A Brief Look at the Underground Railroad and Its Effect on Modern Society

The Underground Railroad is a great example of what African Americans is doing to push back against the negative stereotypes that we sometimes experience in the United States. However, we can forget about the Underground Railroad of today because it’s been around for too long. Because of its enduring popularity, it is worth looking into the origins of the Underground Railroad, as well as its relevance to the present.

Let’s first examine the Underground Railroad of today. It was not until the twentieth century that it became popular to travel by railroad across the country; the first one did not open until 1860, so there is a bit of an “old” age factor involved.

The railroad has evolved a lot since then, of course. In the nineteen thirties, the first ones were really just regular roads, but many of them became elevated after World War II. Nowadays, they include trolley cars covered coaches, and freeways that go through tunnels.

The first train to leave the United States for Canada, however, was via this route. The pioneer who opened the first one, however, was a white man, named Mark Russell. He was much more concerned with getting across the Great Plains, rather than using the railroads as his means of transportation.

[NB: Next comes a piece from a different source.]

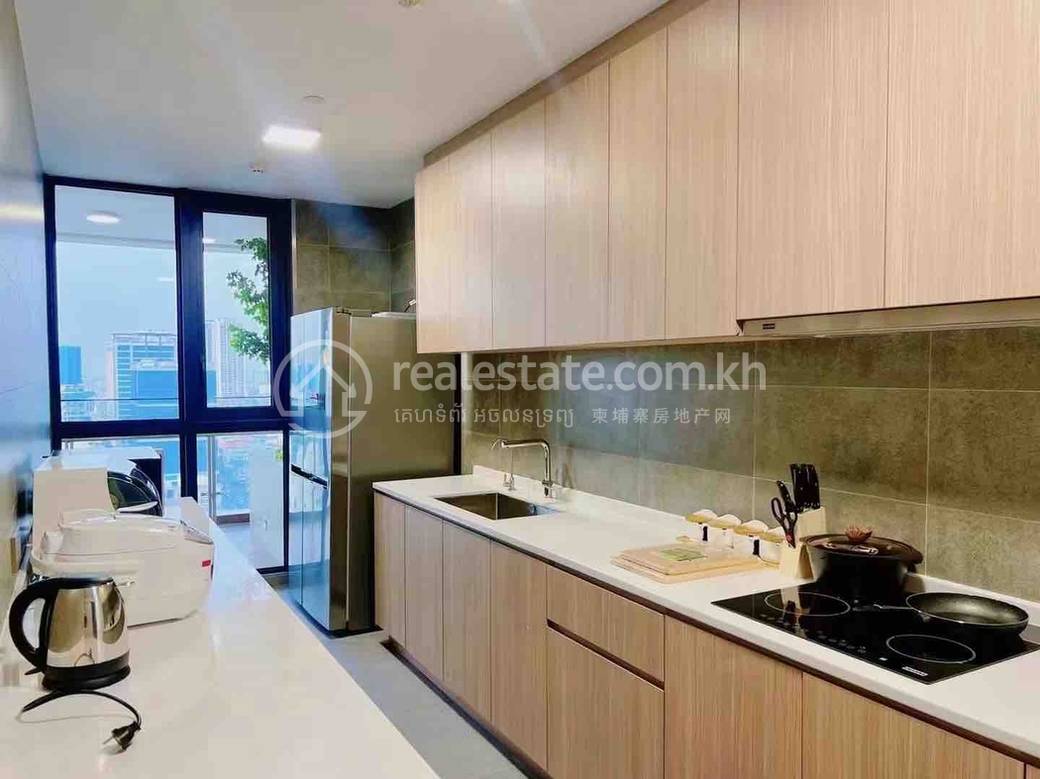 2卧室套房出租，价格$3,600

His name, therefore, would not be remembered as the real pioneer of the railroads, even though he was one. That honor goes to his wife, Harriet Russell. She has become known as Harriet Tubman and is often thought of as a hero for helping slaves escape slavery. She became one of the very first celebrities in the United States, thanks to her role in helping to liberate the slaves.

There are, of course, many other notable people from the Underground Railroad who should also be added to these lists. But not all of them had something like a radio program or a popular author whose books have sold millions of copies. For instance, David Gordon White, the first black governor of Maryland, never set foot on a railroad, although he wrote several books on the subject. Instead, he used train stops, like Philadelphia and Baltimore, to plan raids on fugitive slaves.

Other people like Harriet Tubman are more famous today than they were in the nineteenth century. Countless white women helped create women’s suffrage and even helped found the National Woman’s Party. Women had become vocal in opposition to segregation and unfair labor practices.

Despite these contributions, the Underground Railroad is probably the most important part of American history that the general public knows at all. Even without Harriet Tubman, the Underground Railroad would have been immensely influential, especially in the Deep South, where so many slaves began their journey north.

This is why it is important for you to know more about the Underground Railroad, if you’re reading about it in local history societies or history journals. A lot of these records date to the 19th century. It’s only recently that they’ve been made available in full to the public.

If you’re an activist yourself, be sure to check out websites like NY Underground Railroad Tours, which has plenty of stories and information about the Underground Railroad. In addition, you can also get in touch with some of the others who have taken part in helping slaves get out of bondage, either by training others to do it, or by having someone do it for you.

The Underground Railroad is important in American history, whether it was the first railroad’s abolitionists or ordinary people who worked hard to help others escape bondage. You can find out more about this fascinating part of American history on the internet.